While the celebrity endorsements generate publicity and in turn business, Úna finds it maybe even more meaningful to create, say, a bracelet for a customer who is going through a tough time, almost as a form of “personal armour”.
“That’s more important to me,” she stresses. “And I think that’s what makes the brand strong. It’s not frivolous: it’s sincere and it’s honest and it’s true, from the concepts and the storylines to the very means of their manufacture.
“Like, the physical effort that goes from my body into making something for somebody else, to give them strength. That’s what craftsmanship is about.”
Indeed, Úna explains that the creation of her products- be it an elaborate body suit or a handbag – “can be very, very physically laborious”, which is why they are priced at the higher-end of the market.
“After Leo [her son] was born, three weeks later I was down on my hands and knees on the floor cutting the shoulder of a cow into straps to make two handbags that were going to an exhibition in Switzerland,” she gives by way of example.
Leo was born in August 2019; just a few months after Úna sadly lost her mother to breast cancer. She and Emmett had been quietly considering a move home to Ireland, but these two major life events- along with receiving notice that the building they were living in was going to be knocked- saw them return to Roscommon in January 2020.
“Within six weeks, we had to pack up our entire home – and that was 10 years of living in that place and 10 years of running a business from there – and that was with a three-month-old baby! And it was really difficult,” acknowledges Úna; not least after they found themselves in lockdown just weeks later.
“We had gone from city living to living in rural Ireland, and neither of us drove because we were both intending to have a car and get our licences within six months,” she continues.
“It was two and a half years before either of us had a licence, so even when the lockdowns were lifted, we still couldn’t leave the house!”

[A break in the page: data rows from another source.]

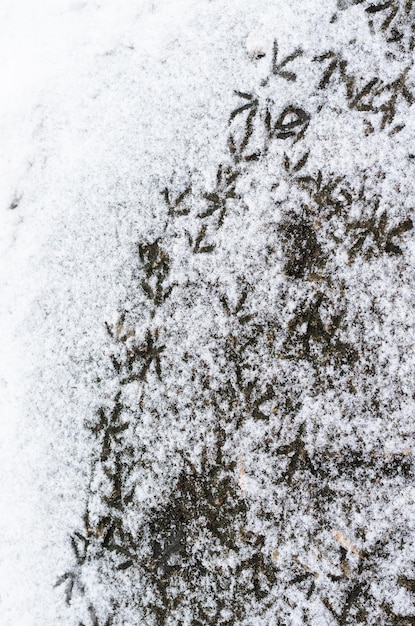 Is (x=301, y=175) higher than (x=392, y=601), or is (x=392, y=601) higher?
(x=301, y=175)

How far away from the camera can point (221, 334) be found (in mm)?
1030

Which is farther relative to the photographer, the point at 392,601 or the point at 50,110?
the point at 50,110

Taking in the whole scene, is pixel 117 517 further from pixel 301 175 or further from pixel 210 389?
pixel 301 175

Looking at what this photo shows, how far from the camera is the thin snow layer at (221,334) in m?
0.97

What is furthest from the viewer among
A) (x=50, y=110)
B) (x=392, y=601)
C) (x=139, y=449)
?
(x=50, y=110)

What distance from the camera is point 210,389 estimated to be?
3.36ft

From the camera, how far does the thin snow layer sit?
97cm

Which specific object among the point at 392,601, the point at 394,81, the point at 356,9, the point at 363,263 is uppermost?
the point at 356,9

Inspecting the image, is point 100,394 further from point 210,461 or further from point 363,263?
point 363,263

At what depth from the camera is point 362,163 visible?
99cm

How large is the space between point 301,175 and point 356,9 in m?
0.38

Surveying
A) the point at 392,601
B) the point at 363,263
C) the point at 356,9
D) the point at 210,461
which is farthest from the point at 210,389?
the point at 356,9

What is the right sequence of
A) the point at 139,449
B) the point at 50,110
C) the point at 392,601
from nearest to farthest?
the point at 392,601
the point at 139,449
the point at 50,110

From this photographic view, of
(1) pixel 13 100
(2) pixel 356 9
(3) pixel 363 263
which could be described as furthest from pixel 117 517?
(2) pixel 356 9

Now well settled and with daughter Florence arriving last September, Úna divides her time between creating “relatable” products like belts and handbags for online and boutique sales, as well as her more theatrical creations for galleries, costumes or one-off commissions.
She would love the idea of working with leather from her father’s cattle down the line, but currently sources her materials from Italy.
“Maybe I need to tag one of dad’s cattle and see if it comes back to me, because that would be a great circular process. But the thing is, all of the skins from the Irish animals are shipped out of the country, so a lot of them would be processed in Italy,” she says.
“So- I don’t know – maybe it’s possible that I am using exactly that.”
Whatever the raw material, however, one thing is certain: Úna Burke will continue to put her heart and soul into every single piece that she makes.
“There is an honesty within them,” she concludes, “and they’re about being your own hero and your own strength.”